### DATA SECTION
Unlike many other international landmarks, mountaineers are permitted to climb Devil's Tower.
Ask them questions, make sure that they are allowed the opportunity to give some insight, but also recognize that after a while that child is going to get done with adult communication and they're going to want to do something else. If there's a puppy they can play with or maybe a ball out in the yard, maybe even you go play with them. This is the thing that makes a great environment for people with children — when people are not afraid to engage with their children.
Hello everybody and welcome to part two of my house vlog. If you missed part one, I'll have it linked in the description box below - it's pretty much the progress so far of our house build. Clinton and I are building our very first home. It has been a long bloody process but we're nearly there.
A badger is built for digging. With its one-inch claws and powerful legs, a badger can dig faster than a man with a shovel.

==

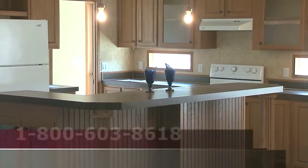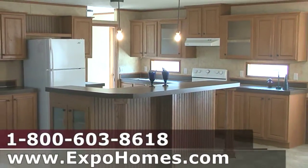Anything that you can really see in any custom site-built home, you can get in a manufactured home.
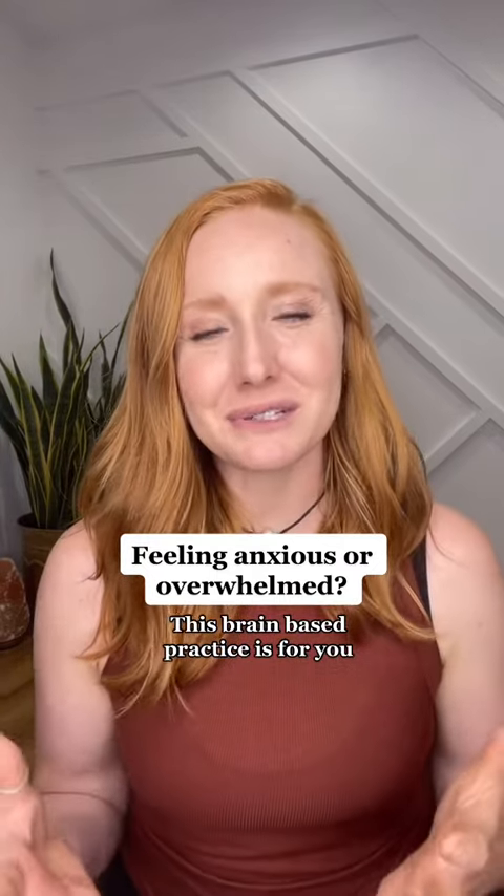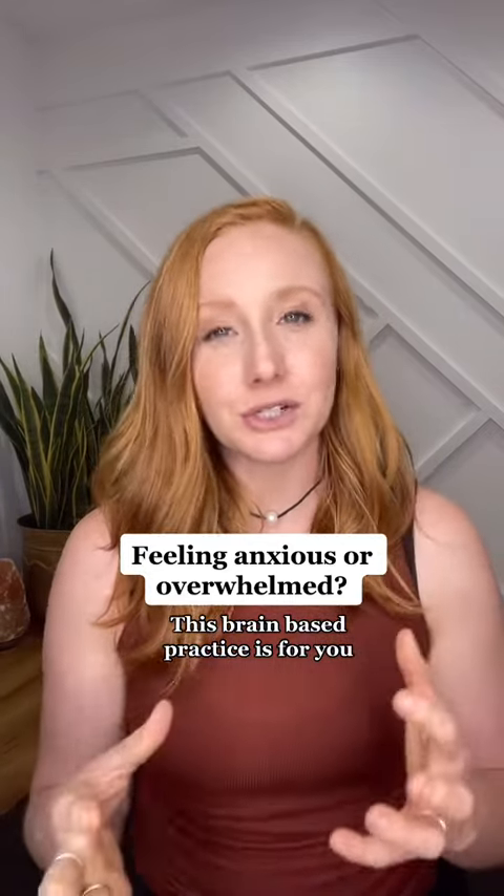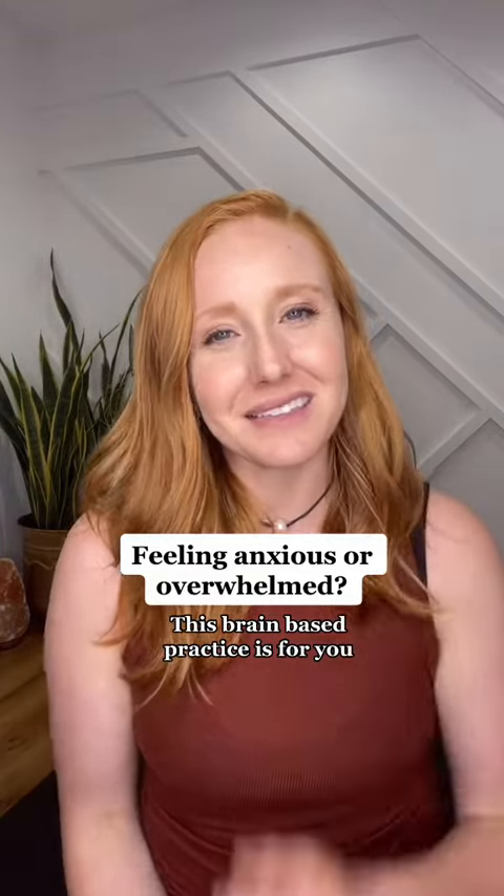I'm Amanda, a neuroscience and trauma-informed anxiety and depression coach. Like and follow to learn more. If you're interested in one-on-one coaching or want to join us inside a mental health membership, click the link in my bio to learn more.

### REQUIRED ACTION
Check each line of the listing for "there", and copy the ones that hold it.

### OUTPUT OF THE EXERCISE
Ask them questions, make sure that they are allowed the opportunity to give some insight, but also recognize that after a while that child is going to get done with adult communication and they're going to want to do something else. If there's a puppy they can play with or maybe a ball out in the yard, maybe even you go play with them. This is the thing that makes a great environment for people with children — when people are not afraid to engage with their children.
Hello everybody and welcome to part two of my house vlog. If you missed part one, I'll have it linked in the description box below - it's pretty much the progress so far of our house build. Clinton and I are building our very first home. It has been a long bloody process but we're nearly there.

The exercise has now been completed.